[Aim of the exercise]: Within the entries below, please return exactly the lines from the one with "Kia Niro 1.6" through the one with "Chewy and Luke (Paperback)", leaving out any pictures.
Segment Start: Data under study
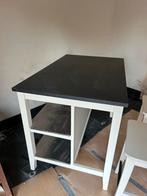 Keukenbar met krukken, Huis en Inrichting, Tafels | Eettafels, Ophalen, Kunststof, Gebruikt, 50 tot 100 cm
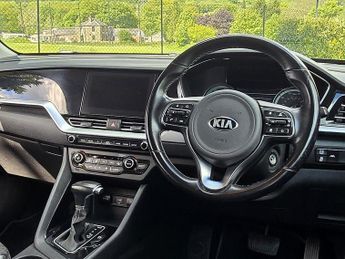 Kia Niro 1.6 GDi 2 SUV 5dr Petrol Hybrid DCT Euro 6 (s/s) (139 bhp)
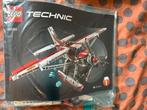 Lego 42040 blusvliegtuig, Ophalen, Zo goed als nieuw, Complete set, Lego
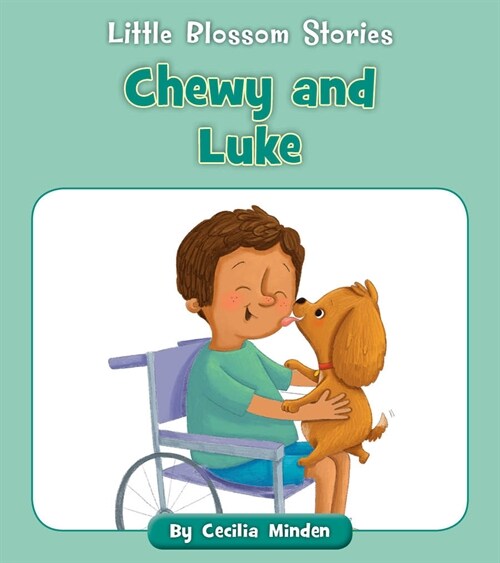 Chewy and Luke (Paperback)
Segment End: Data under study
Segment Start: Data under study
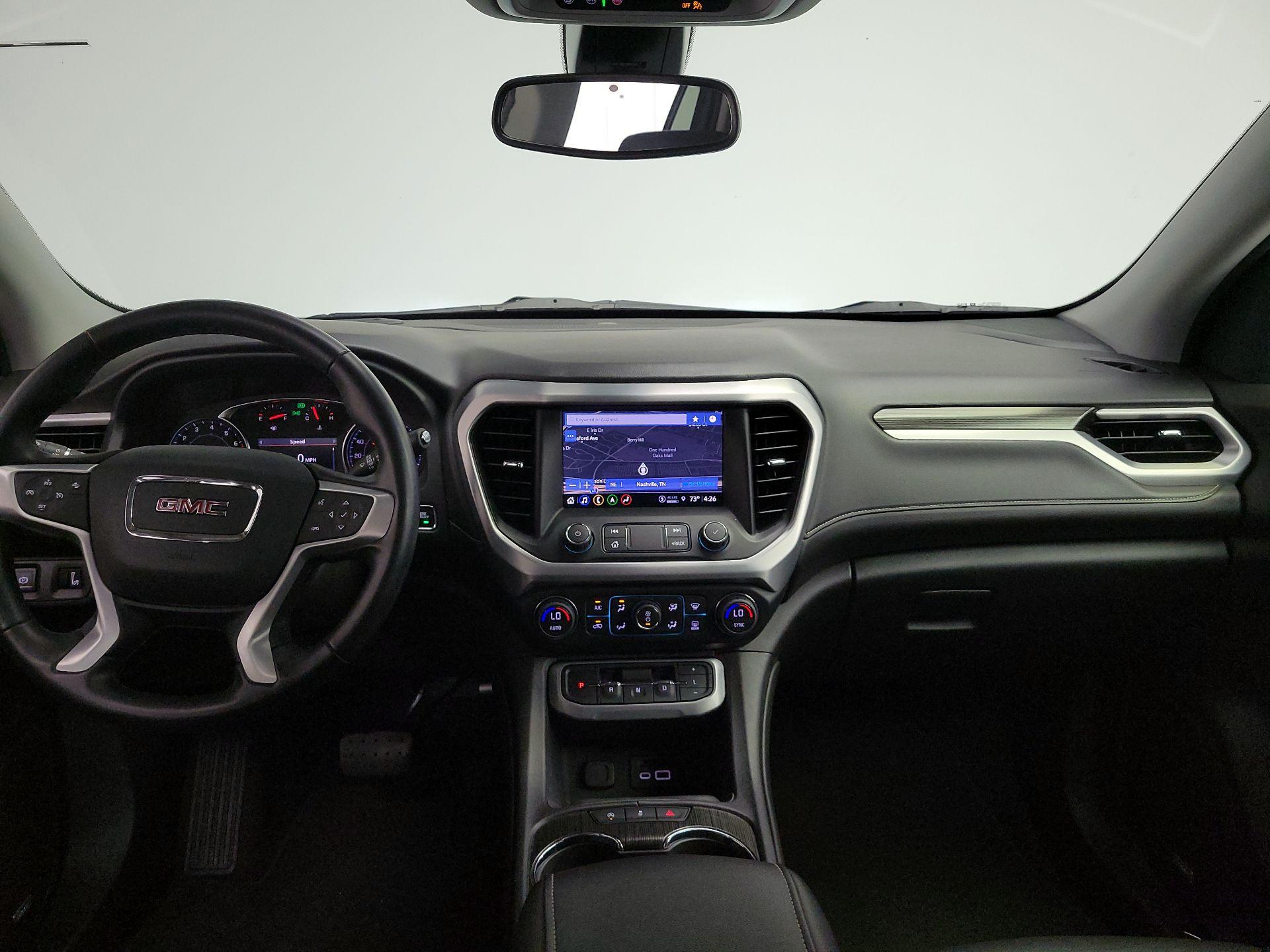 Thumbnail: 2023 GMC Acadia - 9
Segment End: Data under study
[Output for this exercise]:
 Kia Niro 1.6 GDi 2 SUV 5dr Petrol Hybrid DCT Euro 6 (s/s) (139 bhp)
 Lego 42040 blusvliegtuig, Ophalen, Zo goed als nieuw, Complete set, Lego
 Chewy and Luke (Paperback)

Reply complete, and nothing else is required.